Nein, bisher nicht. Das würden wir uns wünschen. Neuere Chemotherapeutika sind zwar im Vergleich zu früheren Medikamenten besser verträglich, jedoch würden wir gerne spezifischer vorgehen. Eine gute Wirksamkeit ist dennoch in bestimmten Situationen gegeben. Beispielsweise wenn zielgerichtete Therapien nicht mehr wirken. Und auch die neuen Medi-kamente werden nicht ganz ohne Nebenwirkungen sein. Diese sind von Medikament zu Medikament sehr unterschiedlich. Das können Hautveränderungen sein, aber auch Veränderungen der Schilddrüse, der Hormone oder des Magen-Darm-Trakts. Daher müssen wir sehr gut interdisziplinär mit anderen Fachgebieten kooperieren. Auch mit anderen Kliniken, zum Beispiel Unikliniken.
Wie lange müssen Patienten die Medikamente einnehmen?
Bei den neuen Therapien über teilwiese sehr lange Zeiträume. Da müssen wir mit jedem einzelnen Patienten Nebenwirkungen und Nutzen abwägen. Dem Patienten kommt hier eine entscheidende Rolle zu. Er entscheidet über das Ziel: ob maximale Möglichkeit der Lebenszeitverlängerung mit entsprechend stärkerem Therapieansatz oder eher Abhilfe bei den Symptomen, ohne eine lange Behandlung aushalten zu müssen. Während der Therapie müssen wir uns ständig hinterfragen, ob wir das erreichen, was die Patienten wollen, und gegebenenfalls die Behandlung anpassen.

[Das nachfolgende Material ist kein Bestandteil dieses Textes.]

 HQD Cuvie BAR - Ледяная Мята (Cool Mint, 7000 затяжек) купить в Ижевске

Früher bewegte sich die Überlebenszeit – je nach Stadium – in einem engen Rahmen. Heute haben wir wegen der Heterogenität des Tumors sehr weite Spielräume. Wir begleiten nach wie vor Patienten, die sich sehr schnell verschlechtern und versterben, aber glücklicherweise auch solche, die im metastasierten Tumorstadium seit 10 Jahren ein weitestgehend normales Leben führen.
Welche Empfehlungen können Sie Lungenkrebspatienten geben?

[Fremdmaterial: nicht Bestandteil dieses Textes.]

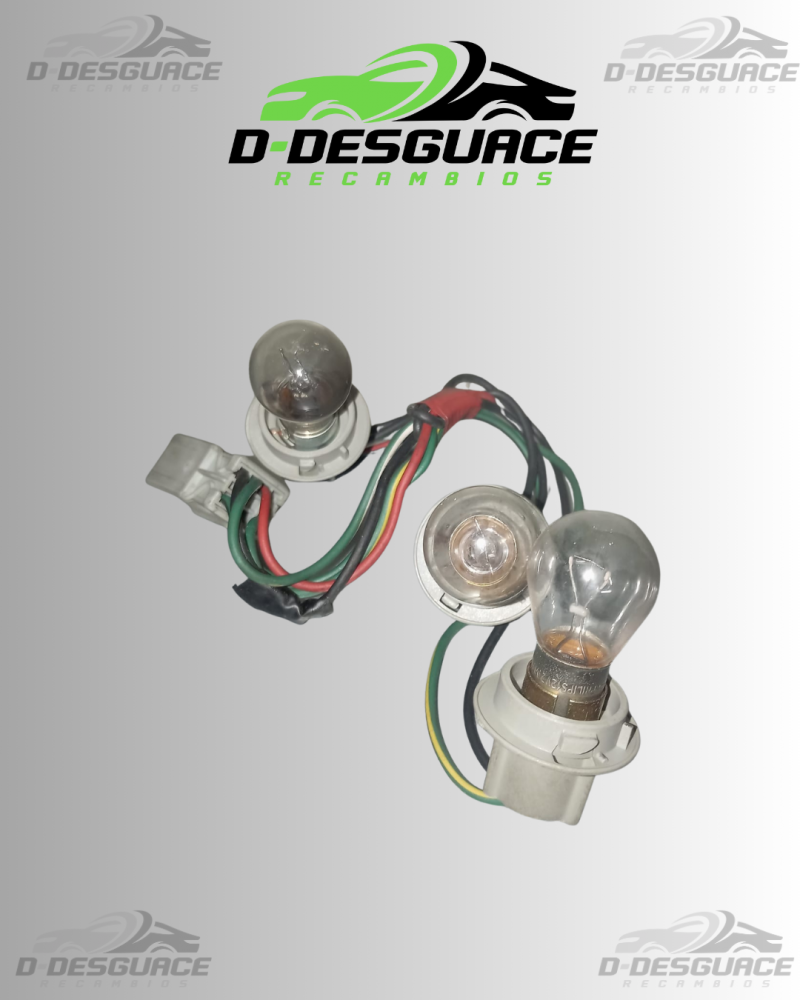 Porta Lamparas de Piloto Trasero, Honda Civil 92-95 (Der)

Gehen Sie in ein zertifiziertes Tumorzentrum. Dieses sollte zumindest in die Diskussion der Befunde und Therapien miteingeschlossen sein. Die Deutsche Krebsgesellschaft führte dieses Konzept ein, um eine bestimmte Qualität zu kennzeichnen. In einer neulich publizierten Studie konnte gezeigt werden, dass Lungenkrebspatienten länger überleben, wenn sie in zertifizierten Zentren behandelt werden. Doch noch immer werden 40 Prozent der Lungenkrebspatienten außerhalb von Tumorzentren behandelt. Diese Zahl ist beispielsweise bei Brustkrebspatientinnen sehr viel niedriger.
Das bedeutet nicht, dass die komplette Behandlung in einem solchen Zentrum stattfindet. Derzeit gibt es etwa 73 zertifizierte Tumorzentren in Deutschland. Jeder Patient sollte zumindest einmal in einem solchen Zentrum vorstellig werden. Es kann durchaus sein, dass ein Patient mehrere Tage hintereinander untersucht werden muss. Bestimmte Leistungen werden von den Kassen jedoch nur ambulant übernommen. Aber welcher Patient mietet sich vor Ort in einem Hotel ein? Keiner. Ambulant durchgeführt dauert der Untersuchungsprozess entsprechend länger und die Qualität sinkt. Hier verlieren wir wertvolle Zeit. Stationär ist das in einer Woche machbar.